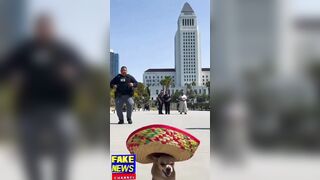 ICE Chasing Undocumented Chihuahua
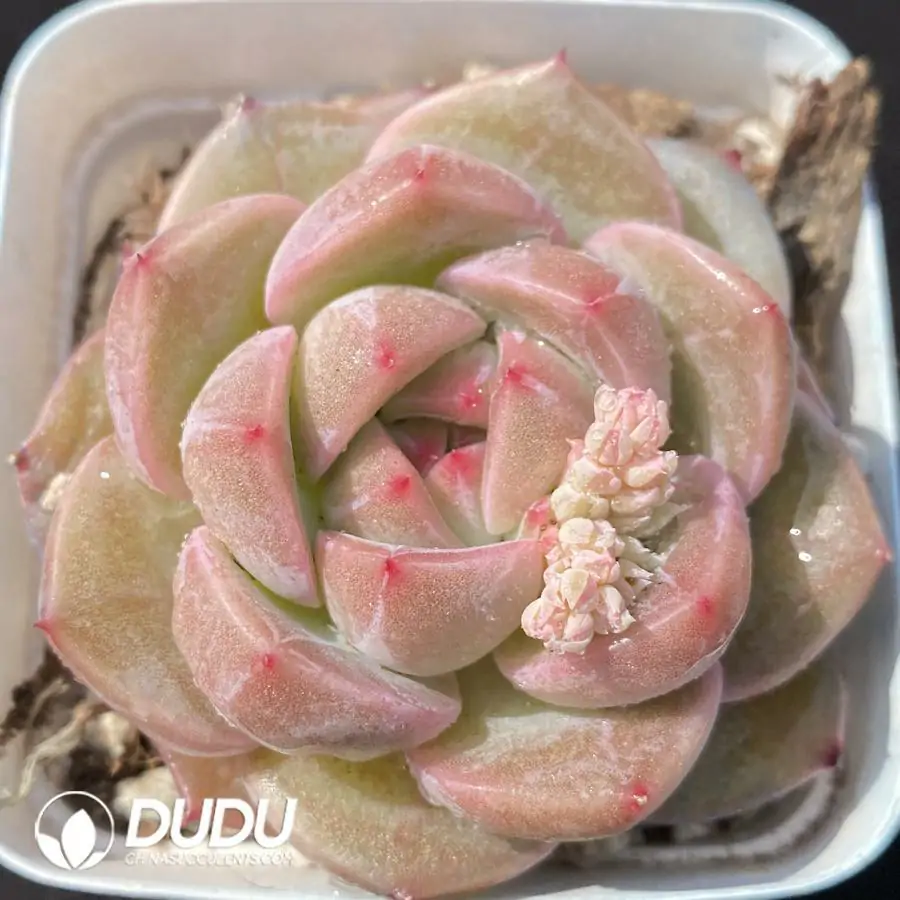 1743402730-e201.webp Echeveria OF1176 - Image 1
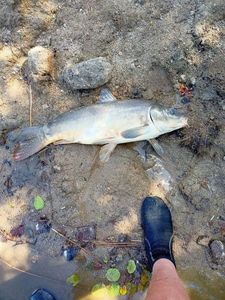 Leather Carp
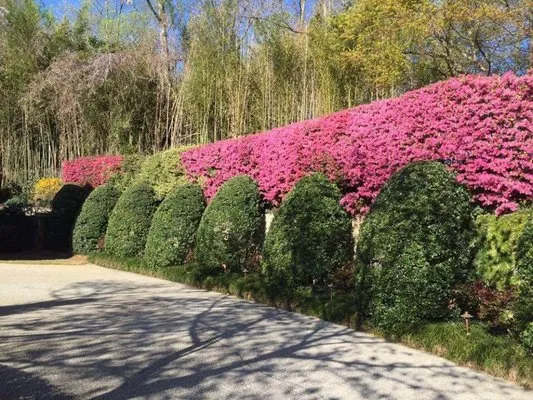 West Georgia Professional Landscaping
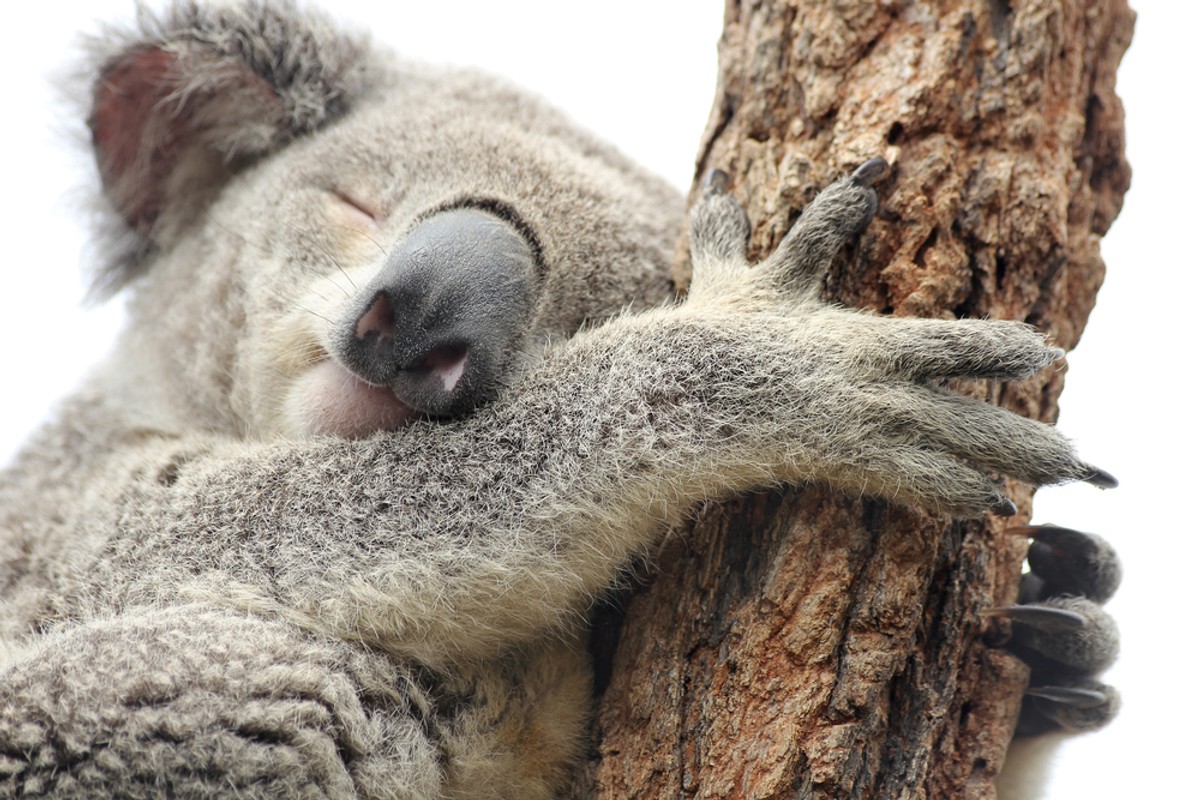 Koale w australijskiej Nowej Południowej Walii mogą wyginąć do 2050 r. [RAPORT]
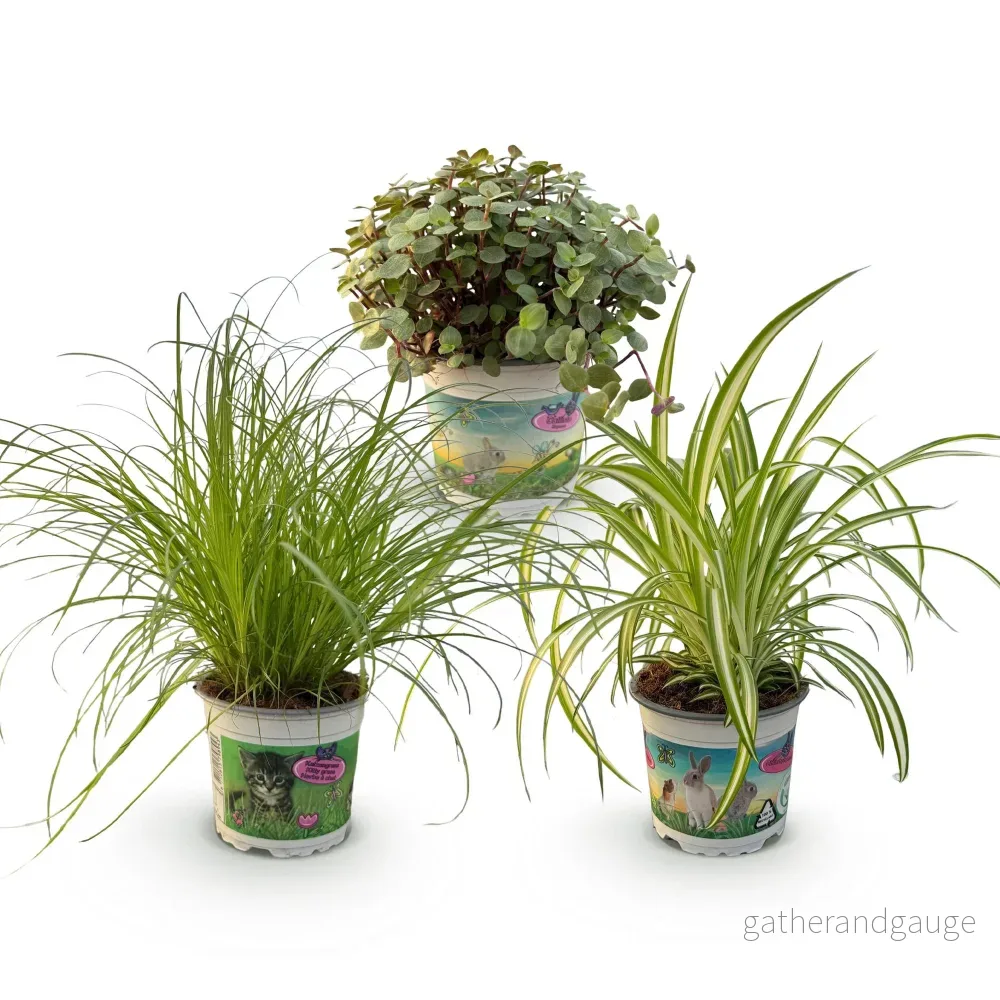 Paket Cyperus - Calissia - Chlorophytum - Bild 3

::::

__Problem requirements__:
Each entry above should be reproduced exactly, with the pictures removed.

__Solution__:
 ICE Chasing Undocumented Chihuahua
 1743402730-e201.webp Echeveria OF1176 - Image 1
 Leather Carp
 West Georgia Professional Landscaping
 Koale w australijskiej Nowej Południowej Walii mogą wyginąć do 2050 r. [RAPORT]
 Paket Cyperus - Calissia - Chlorophytum - Bild 3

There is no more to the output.